そして、上記測定地点において上記測定機器により測定された複数の測定値(ただし、単位は[Gauss]である。)を平均し、その平均により求められた値を、鋳型内電磁攪拌強度M-EMS[Gauss]とする。なお、鋳型内溶鋼に作用される磁場の周波数[Hz](ただし、「磁場の周波数」とは、鋳型内の電磁攪拌装置内のコイルに導通される電流が1秒の間に向きを変える度数を意味する。)は、1〜5が好ましい。
即ち、第一確認試験(表2、図3に対応する。)は、鋳造速度Vc[m/min]に関する。第二確認試験(表3、図4に対応する。)は、二次冷却帯比水量Wt[L/kgSteel]に関する。第三確認試験(表4、図5に対応する。)は、鋳型内電磁攪拌強度M-EMS[Gauss]に関する。第四確認試験(表5、図6に対応する。)は、鋳型内テーパTp[%/m]に関する。
・鋳造対象としての鋼種は、下記表1に示す6通り検証する。
・上端における鋳型幅a(ただし、広面側のもの。図2参照。)[mm]:430
・上端における鋳型幅a(ただし、狭面側のもの。図2参照。)[mm]:300
・鋳型高さc[mm](図2参照。
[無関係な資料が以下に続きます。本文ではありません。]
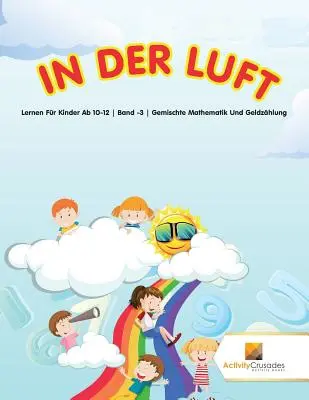 In Der Luft: Imparare per bambini da 10 a 12 anni Band -3 Gemischte Mathematik Und Geldzhlung - In Der Luft: Lernen Fr Kinder Ab 10-12 Band -3 Gemischte Mathematik Und Geldzhlung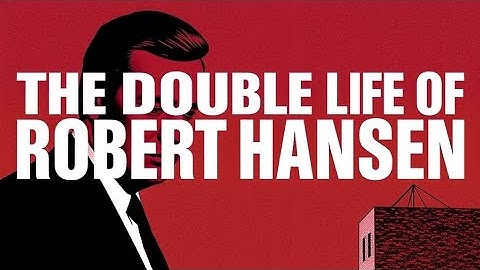 The Double Life of Robert Hanssen Documentary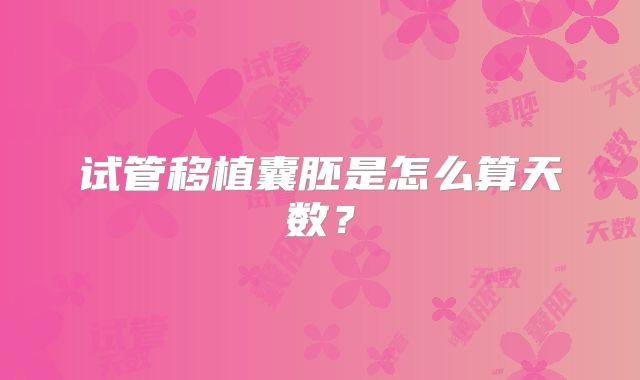 试管移植囊胚是怎么算天数？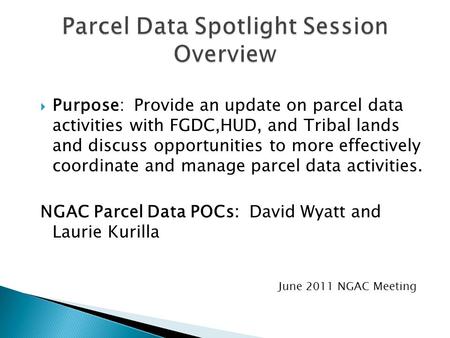  Purpose: Provide an update on parcel data activities with FGDC,HUD, and Tribal lands and discuss opportunities to more effectively coordinate and manage.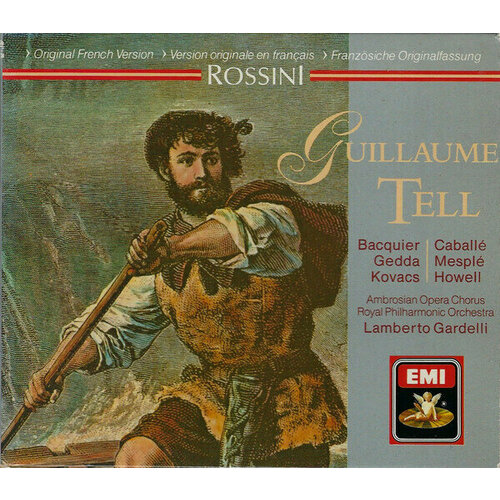 AUDIO CD Rossini: Guillaume Tell. Gabriel Bacquier, Montserrat Caballe, Nicolai Gedda audio cd gounod mireille freni vanzo van damm bacquier plasson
):1200
・以降、鋳型内テーパTp[%/m]は、狭面側の内壁面1a・1aに対して適用される鋳型内テーパTp[%/m]を指すものとする。
・溶鋼過熱度[℃]は、15〜50とする。
・垂直鋳造経路部Q1[m]は、3.2とする。
・円弧鋳造経路部Q2[m]の円弧半径は、10とする。
・二次冷却帯の長さ[m]は、6.9とする。
・二次冷却帯の上流側端のメニスカス距離M[m]は、1.3とする。なお、「メニスカス距離M[m]」とは、鋳型内の溶鋼の湯面を起点とし、鋳造経路Qに沿って観念する距離をいう。
・二次冷却帯の下流側端のメニスカス距離M[m]は、7.2とする。
・鋳型内溶鋼に作用される磁場の周波数[Hz]は、2とする。
本試験は、鋳造速度Vc[m/min]と、内部割れ長さ[mm]及び表面疵個数[個/本]と、の間の関係に着目するものである。以下、本試験の試験条件及び試験方法を説明し、その試験結果を図3に示す。
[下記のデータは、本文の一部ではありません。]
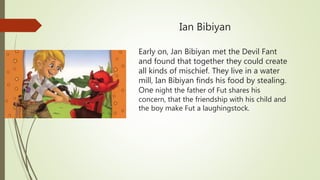 Ian Bibiyan
Early on, Jan Bibiyan met the Devil Fant
and found that together they could create
all kinds of mischief. They live in a water
mill, Ian Bibiyan finds his food by stealing.
One night the father of Fut shares his
concern, that the friendship with his child and
the boy make Fut a laughingstock.
 
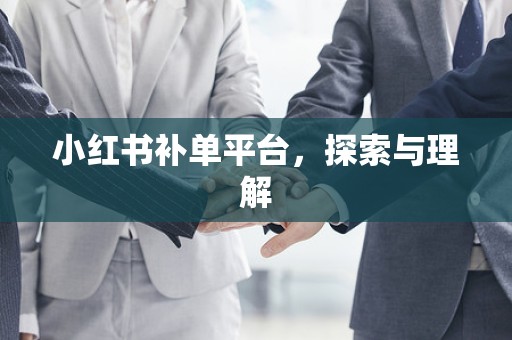 小红书补单平台，探索与理解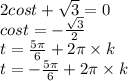 2cost+ \sqrt{3} = 0 \\ cost = - \frac{ \sqrt{3} }{2} \\ t = \frac{5\pi}{6} + 2\pi \times k \\ t = - \frac{5\pi}{6} + 2\pi \times k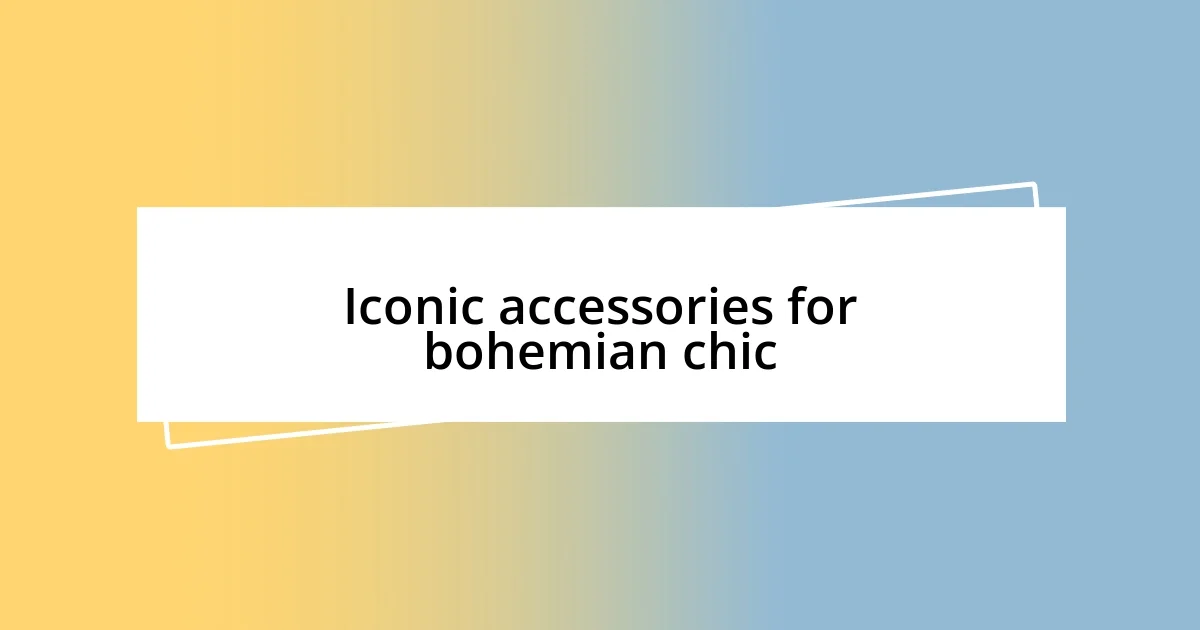 Iconic accessories for bohemian chic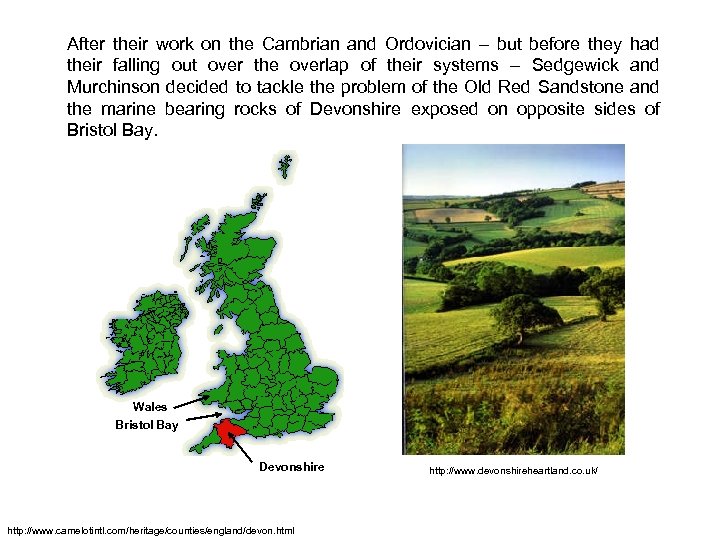 After their work on the Cambrian and Ordovician – but before they had their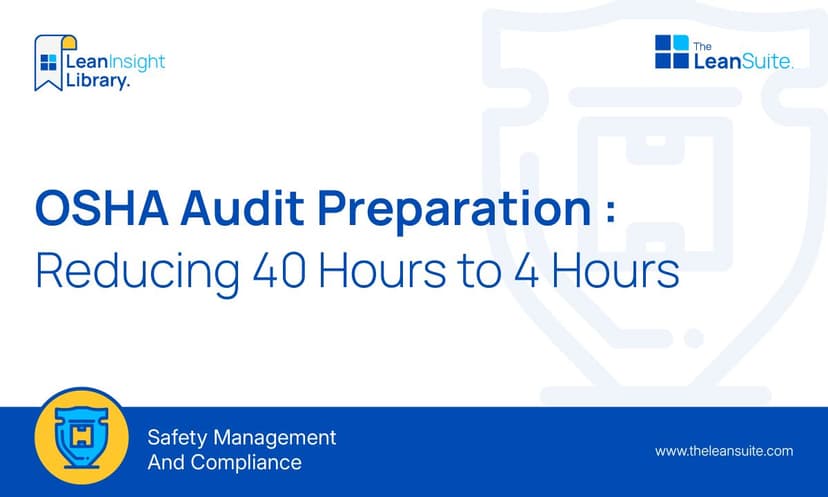 OSHA Audit Preparation: Reducing 40 Hours to 4 Hours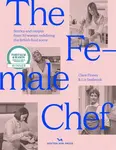 The Female Chef - Clare Finney, Liz Seabrook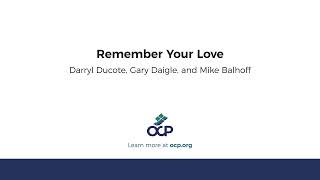 Remember Your Love (Ducote, Daigle, Balhoff)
本試験において、二次冷却帯比水量Wt[L/kgSteel]及び鋳型内電磁攪拌強度M-EMS[Gauss]、鋳型内テーパTp[%/m]は夫々同一値に設定した。その他の条件については、下記表2を参照されたい。
上記表1に記載の鋼種のうち何れかの鋼種に成分調整が為された取鍋(取鍋内の溶鋼:90[ton])1チャージ分につき図3において1プロットを得た。内部割れ長さ[mm]及び表面疵個数[個/本]は以下のように測定するものとする。併せて、これら内部割れ長さ[mm]及び表面疵個数[個/本]の評価基準を説明する。
(i)図3によれば、鋳造速度Vc[m/min]を0.75以下とすると、内部割れ長さ[mm]についての評価を良好とできることが判る(表2において評価の欄に「○」又は「◎」が記載された試験を参照。)。これは、高炭素・高りんの鋼の脆性が悪化する溶鋼においても、成長したシェル厚みが内部割れを発生させない強度にまで到達したからだと考えられるからである。一方、生産性の観点から鋳造速度Vc[m/min]は0.45以上とすると良い。以上の考察から、内部割れ長さ[mm]に着目すれば、鋳造速度Vc[m/min]は0.45〜0.75とすることが望ましいことが判る。更に、(ii)(i)に加えて表面疵個数[個/本]にも着目すれば、鋳造速度Vc[m/min]は0.65〜0.75とすることが望ましいことが判る(表2において評価の欄に「◎」が記載された試験を参照。)。鋳造速度Vc[m/min]を0.65以上とすると表面疵個数[個/本]についての評価を良好とできるのは、疵個数が40を下回り、手入れにて救済可能な確率が大幅に向上すると考えられるからである。更には、鋳造速度Vc[m/min]を0.65以上として表面疵個数[個/本]が40を下回った理由としては、連鋳機において歪みを大きく発生させる部位(例えば矯正部)を通過する際の鋳片表面温度がその鋼の脆化温度域より高い温度であったためと考えられる。
本試験は、二次冷却帯比水量Wt[L/kgSteel]と、内部割れ長さ[mm]及び表面疵個数[個/本]と、の間の関係に着目するものである。以下、本試験の試験条件及び試験方法を説明し、その試験結果を図4に示す。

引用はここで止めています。